Segment Open

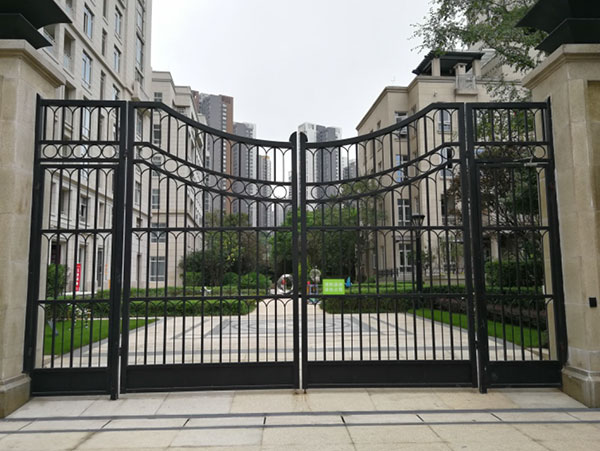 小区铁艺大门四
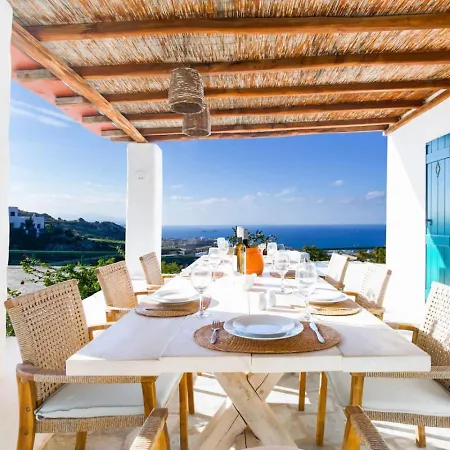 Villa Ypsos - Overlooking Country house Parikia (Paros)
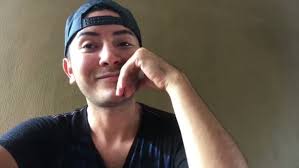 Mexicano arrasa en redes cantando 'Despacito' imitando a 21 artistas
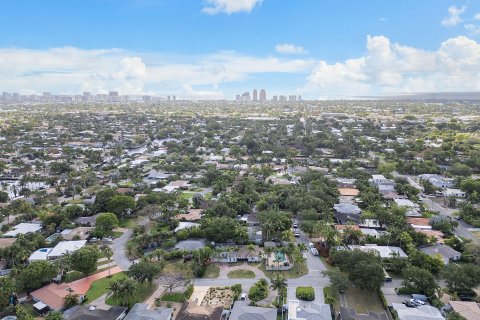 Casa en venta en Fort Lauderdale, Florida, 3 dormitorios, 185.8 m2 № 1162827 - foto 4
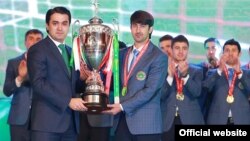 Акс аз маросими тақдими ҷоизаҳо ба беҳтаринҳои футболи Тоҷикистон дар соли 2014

Segment Closed
Segment Open

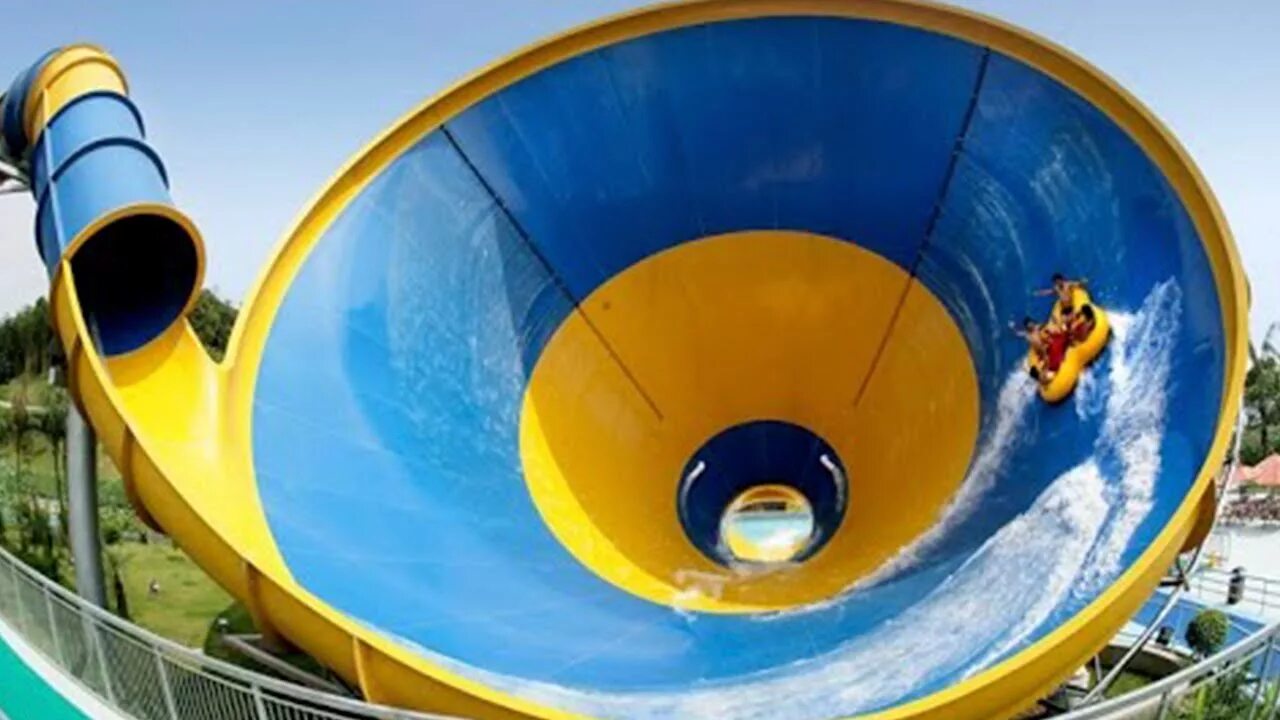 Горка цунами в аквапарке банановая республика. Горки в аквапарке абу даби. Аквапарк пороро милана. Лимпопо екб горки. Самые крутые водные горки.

Segment Closed

*WHAT YOU HAVE TO DO*. From the listing above, repeat only the lines between the line containing "Casa en venta" and the line containing "Акс аз маросими", those two included. Pictures are not part of the copy.

*YOUR RESPONSE*.
 Casa en venta en Fort Lauderdale, Florida, 3 dormitorios, 185.8 m2 № 1162827 - foto 4
 Акс аз маросими тақдими ҷоизаҳо ба беҳтаринҳои футболи Тоҷикистон дар соли 2014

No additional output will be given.